Compilation album
- Released: September 30, 2003
- Genre: Punk
- Length: 48:03
- Label: Springman Records

= The Rocky Horror Punk Rock Show =

The Rocky Horror Punk Rock Show is a tribute album featuring the soundtrack of the 1975 cult film The Rocky Horror Picture Show performed by modern punk rock bands, released on Springman Records in 2003.

Professional ratings
Review scores
| Source | Rating |
| Allmusic |  |

==Background==
The album started as a project by Shawn "Eddie Migraine" Browning, who got the idea from his wife.

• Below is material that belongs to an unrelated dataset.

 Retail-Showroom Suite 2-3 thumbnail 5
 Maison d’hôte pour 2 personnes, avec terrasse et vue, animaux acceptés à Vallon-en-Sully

Work for the project started in 1999. Browning said he was a "huge Rocky Horror fan back in High School", and that the show was "where some of us fit in" and "brought us all together".

==Critical reception==
A Punk News reviewer said "while a number of songs suffer from sub-par recordings [or sub-par arrangements], there are some highlights".

==Track listing==
1. "Science Fiction/Double Feature" - Me First and the Gimme Gimmes
2. "Dammit, Janet" - Love Equals Death
3. "Over at the Frankenstein Place" - Alkaline Trio
4. "The Time Warp" - The Groovie Ghoulies
5. "Sweet Transvestite" - Apocalypse Hoboken
6. "The Sword of Damocles" - The Independents
7. "I Can Make You a Man" - Pansy Division
8. "Hot Patootie (Bless My Soul)" - The Phenomenauts
9. "I Can Make You A Man (Reprise)" - The Secretions
10. "Touch-A, Touch-A, Touch Me" - Chubbies
11. "Once in a While" - Big D and the Kids Table
12. "Eddie's Teddy" - Swingin' Utters
13. "Planet, Schmanet, Janet" - Tsunami Bomb
14. "Rose Tint My World/Floor Show" - Luckie Strike
15. "Fanfare/Don't Dream It" - Stunt Monkey
16. "Wild and Untamed Thing" - Gametime
17. "I'm Going Home" - The Migranes
18. "Super Heroes" - Ruth's Hat
19. "Science Fiction Double Feature (Reprise)" - The Ataris

== Personnel ==
Artists and repertoire for this album was done by Eddie Migrane of The Migranes and Avi Ehrlich of Springman Records. Artwork by Steve Rolston.